「被災地の感情共有を」 子どもたちの声も紹介 東北の教師8人 学生と意見交換
東日本大震災で被害を受けた岩手と宮城、山形の東北3県の教員8人が28日、南ジャカルタのアル・アズハル大を訪れた。アチェで26日に開かれた2004年のスマトラ沖地震・津波の追悼式典に出席したほか、被災からの復興の過程を歩む教育や開発の現場を視察した教師団。「実際に被災地にいると自分たちの生活を立て直すことに精一杯になってしまうが、『自分だけじゃない』と思えれば癒される部分がある。感情と知識を共有をしたい」(岩手県久慈市立大川目中学校の久慈美加教諭=45)との思いを込め、学生らと地震・津波の被害の教訓や防災知識について意見交換した。(関口潤)
意見交換会は同大と国際協力機構(JICA)、国際交流基金が主催。学生約50人や市民団体関係者が参加した。
「私たちのふるさとが瞬く間に姿を変えてしまった」と振り返り、現在は「仮設だけれども、同じ校舎で学べるというのは幸せ」と語る宮城県石巻市立女子商業高校の藤村智美教諭(36)は、生徒のビデオメッセージを交えながら被災の様子と現状を紹介。
生徒らがつづった言葉には「老人と子ども優先で、中高生は物資をもらえないこともあった」「どれだけ大変だったか、どれだけ怖かったかを知ってほしい」と被災当時の困難や切実な思いがある一方、将来については「誰かの役に立つために看護師になりたい」「立派な社会人になって親孝行をしたい」と前向きな思いが並んだ。
子どもたちの心のケアの方法に関する学生の質問に対し、岩手県立宮古高校の小笠原潤教諭(54)は「子どもたちは実際に被災し、がれきを見てきた。復興・防災教育も重要だとは思うが、言葉が心に鞭を打ってしまうこともある」と述べ、「震災前の生活を取り戻すことを第一に考えている」と強調。

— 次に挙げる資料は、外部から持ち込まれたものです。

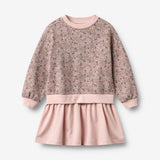Wheat Main Sweatkjole L/S Maggie Dress 9899 rose brown flowers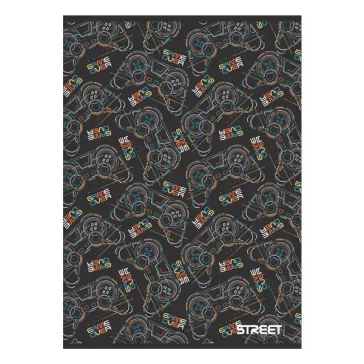 Füzet kockás STREET A/4 54 lapos Gaming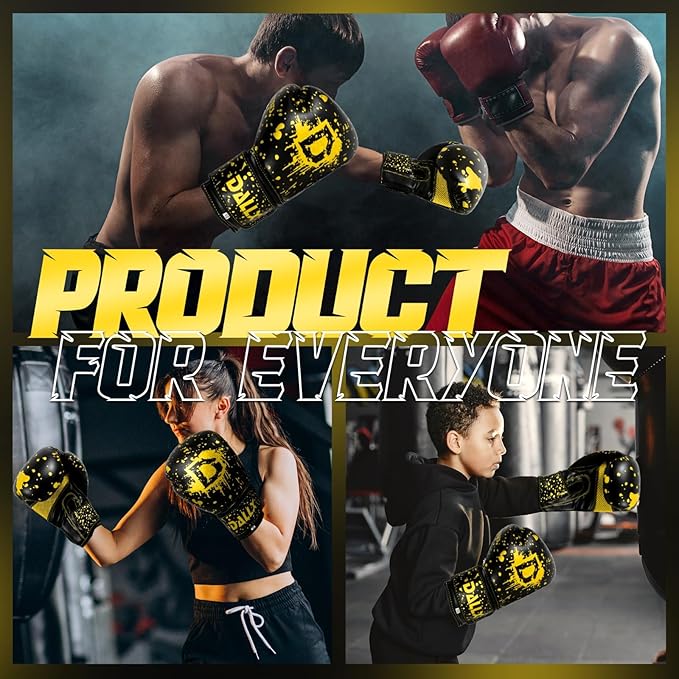 DALLX Boxing Gloves for MMA Fitness Kickboxing Heavy Punching Bag Muay Thai Sparring Gloves for Men and Women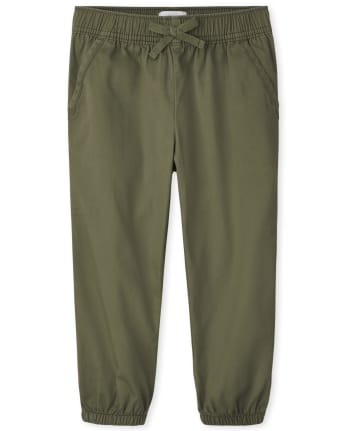 Pantalones jogger sin cordones para niñas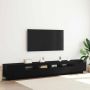 TV spintelių komplektas 3 pcs Juoda 260 x 35 x 40 cm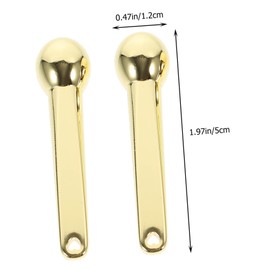 Baluue 2pcs Convenient Eye Massager Portable Eye Roller Tool Professional Roller Balls for Cream Application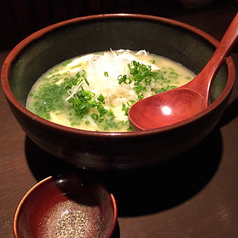 水炊きスープの茶漬け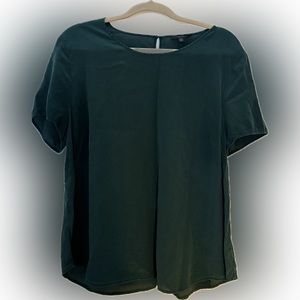 J Crew Short Sleeve Silk Tee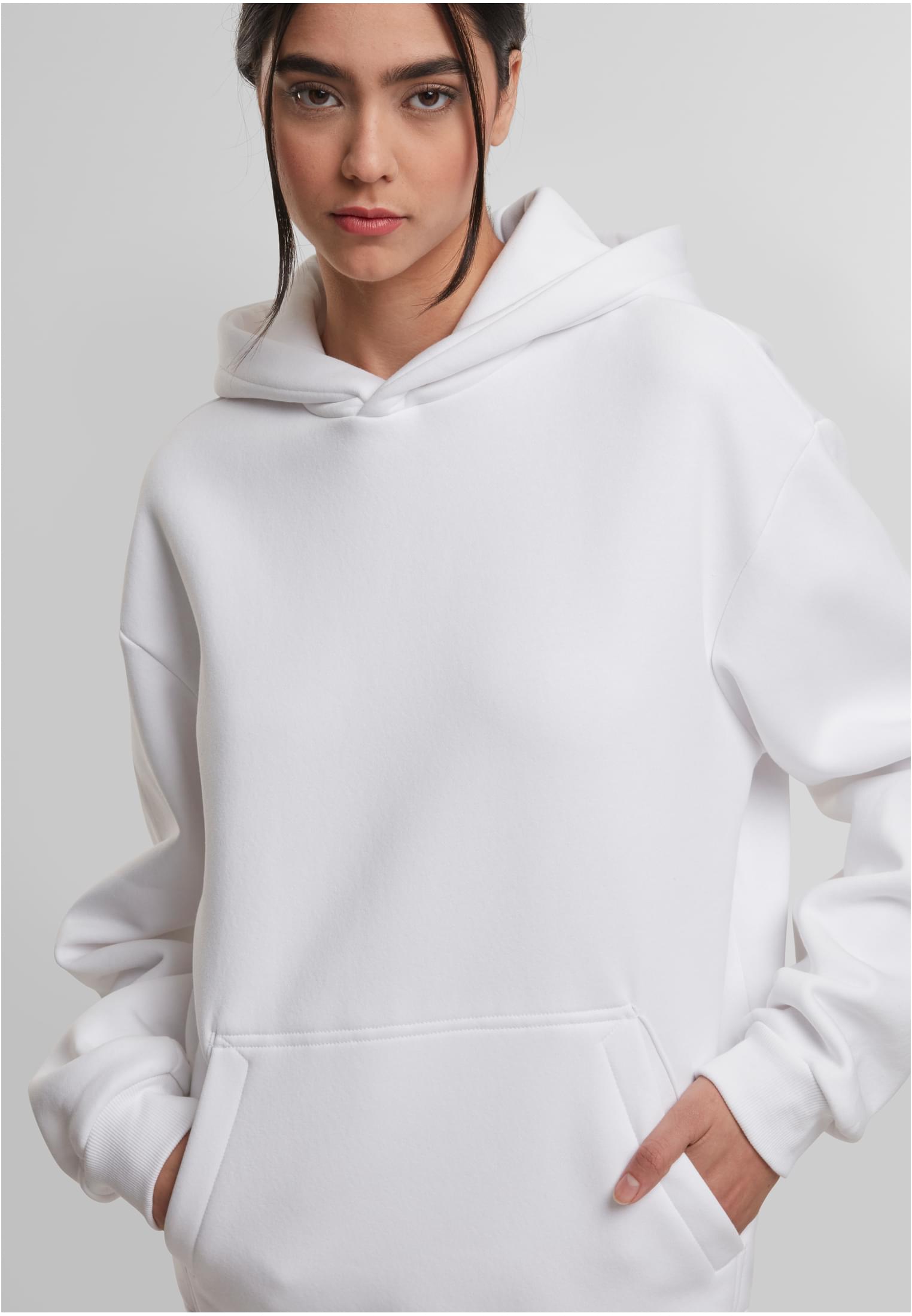Oversized Hoody white | white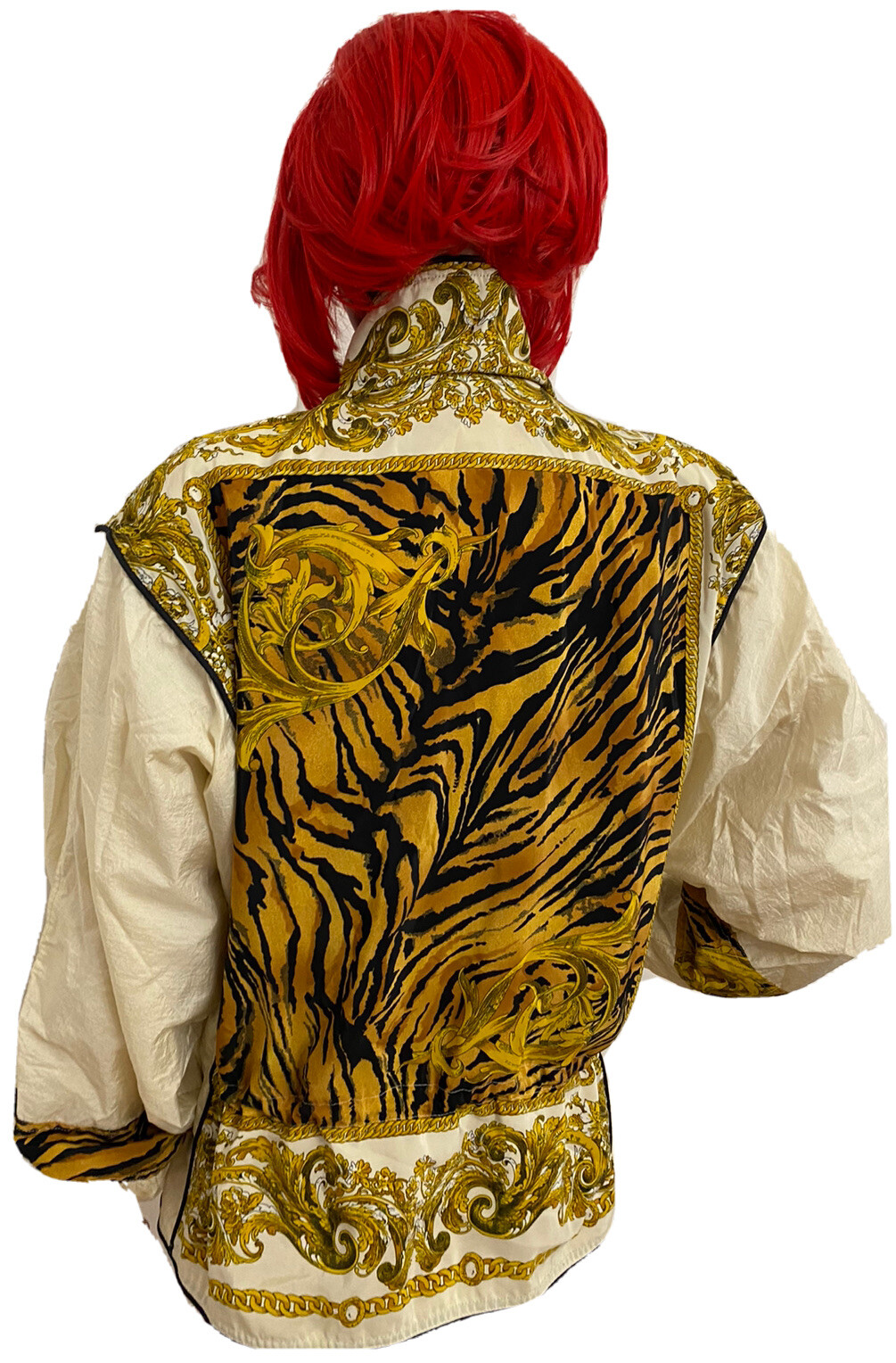 VTG RARE🔥 EAST WEST 80s Rayon Animal Print BAROQUE Jacket Sz:M image 6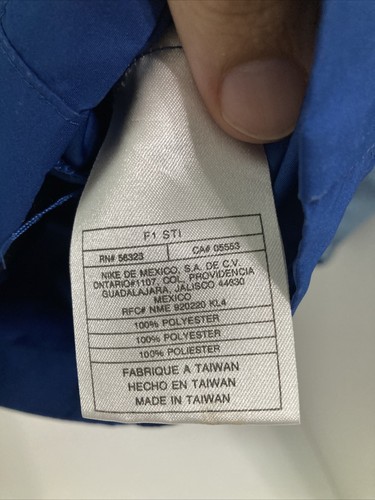 Nike Windbreaker Hoodie Jacket Youth size S (4-6) Blue - Picture 3 of 6
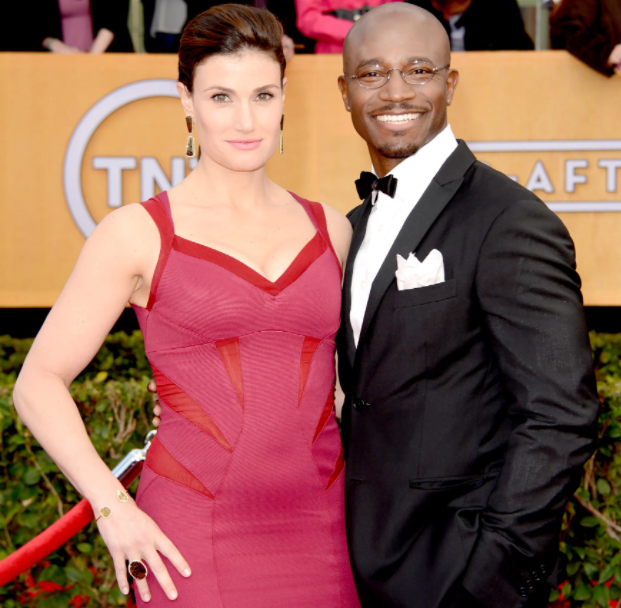 Taye Diggs and his ex-wife, Idina Menzel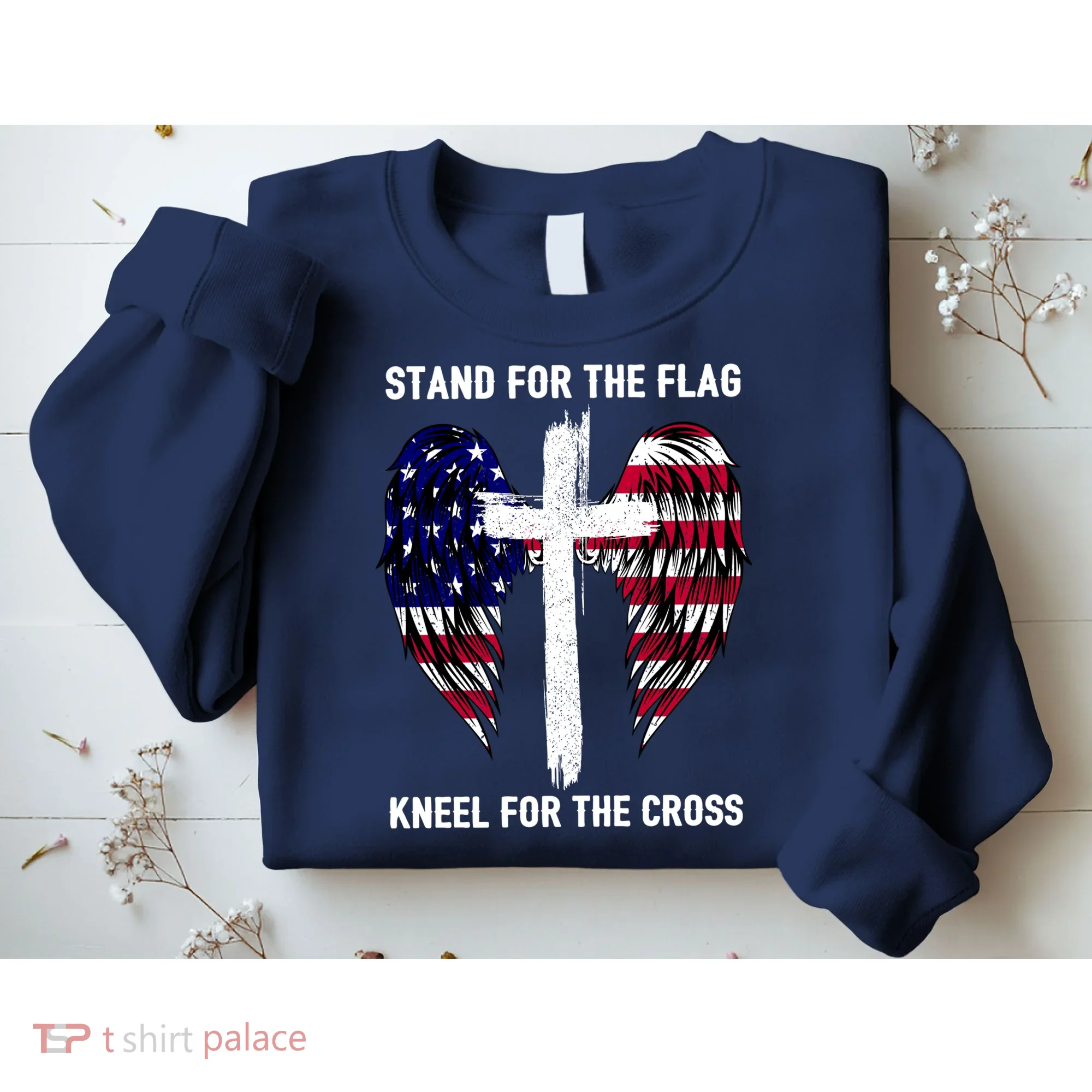 Stand For The Flag Kneel For The Cross USA Eagle Sweatshirt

久慈教諭は防災について、「てんでばらばらになってもとりあえず逃げろ」という意味が込められた「津波てんでんこ」の教えが地域で伝えられており、そのような伝承が守られていた地域では犠牲者が少なかったと説明した。
アル・アズハル大国際関係学部のニシャ・アメリア・アグスティさん(20)は、日本政治について学んでいるが、文化面についても知りたいと思い会場に駆け付けた。「知り合いを亡くすなど、先生たちもそれぞれ問題を抱えているはずなのに、子どもたちの問題を解決するために自分自身を強く保っていることに感銘を受けた」と語った。
教師団は、開発途上国の現状や日本との関係、国際協力への理解を深めるために実施しているJICAの「教師海外研修事業」で22日から30日までインドネシアを訪問。帰国後は各校で児童・生徒の教育に役立てるほか、訪問で得た成果を一般に紹介する展示会の開催を予定している。